Bulging belly and pendulous earlobes aside, Buddha and I have little in common.

This is not for lack of trying.

I have an entire bookshelf sagging under the weight of good intentions and untapped wisdom:
  • Why Buddhism? (why, indeed);
  • Awakening the Buddha Within;
  • Choosing Happiness; 
  • Start Where You Are;
  • The Three Questions;
  • Zen Shorts;
  • Karma Kids; 
  • Buddhism For Mothers; and
  • Buddhism For Mothers Of Schoolchildren.
The title I'm waiting for is "Buddhism-For-Lapsed-Catholic-Dilettante-Mothers-Of-Spirited-Schoolaged-Boys-Living-With-Overachieving-Spouses".

When that hits the shelves, I'll be set.

In the meantime, I am struggling to practice non-attachment.

After three years of planning, dreaming, scheming, yearning, and plain hard work, we finally have the house of our dreams, in our beloved Adelaide Hills.

And my husband has a fantastic new job... in Melbourne.

Once again, life is teaching me that you can have it all, just not necessarily at the same time.

Leaving friends, colleagues, school and our home, Birk Knott, will be sad and difficult.

But we are so fortunate and excited to be landing in Melbourne, where tremendous friends and precious family await, along with all sorts of new adventures and opportunities for exploring.


But first, some "Before & After" snaps of our little project.

It makes me smile.

Maybe it could make you smile - if you're in the market for a tree-change, let me know!

It's a magical spot.


Outside: yellow bricks, small aluminum-framed windows, and lots of lattice-work pergolas.

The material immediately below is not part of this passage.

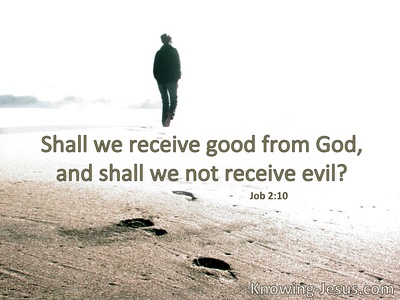 Shall we indeed accept good from God, and shall we not accept adversity?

Inside: a rabbit's warren, with too many doors leading into lots of pokey rooms and a front door that entered directly into the family room where the refrigerator sat

The house was oriented towards the garden (good), but the windows were too small to take in either the views or the sunlight (bad).  

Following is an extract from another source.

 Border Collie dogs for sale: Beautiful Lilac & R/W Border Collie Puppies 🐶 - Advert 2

Come winter, we could see our breath indoors.

Cooking involved banging the oven into life (think: old t.v. with rabbit ears and poor reception).  Reaching the top cupboards was tricky if you were less than seven feet tall.

The "Big Room" was like a church hall - great for a crowd, but too vast for every day use.

However, if things inside left a bit to be desired, the surroundings - from every angle and in every season - more than made up for it.  

In truth, we had bought a garden, not a house.

The original owners and sole owners (until we came along) had dedicated themselves to creating a miraculous botanic park.

A house, we reasoned, could be built or transformed in the space of a year (or two).  

Twenty-foot-high camellias take a lifetime.  And someone had already spent theirs making this incredible place.

Plus, in summer, there was the pool.  Built-in racing lines were the cherry on the cake - we have a competitive family!

So, as an interim measure, we painted the outside white.  

White paint is a miracle in a can.  (Blue hydrangeas were our wedding flowers - when we first saw the house, it seemed like an omen.)

And then we got busy planning....  


Our goal was to make the house as special as its setting, while introducing a few modern creature comforts (like heating!) along the way.  

(view from the study)

I'm smiling.  (Not least because the hydrangea, though not visible above, will be back soon.)

This is the result of a fantastic collaboration with three enormously talented individuals: our architect, David Burton of Williams Burton, his associate Sophia Leopardi, and our builder, Rocky Cirroco.  It is impossible to imagine achieving a similar outcome without any one them, or the delightful, dedicated teams that support them.  

All renovations come with their challenges, but, ultimately, this was one of the most creative, energizing and gratifying experiences of my life.     

And it is nice to feel that we will leave this very special place a little more special than we found it.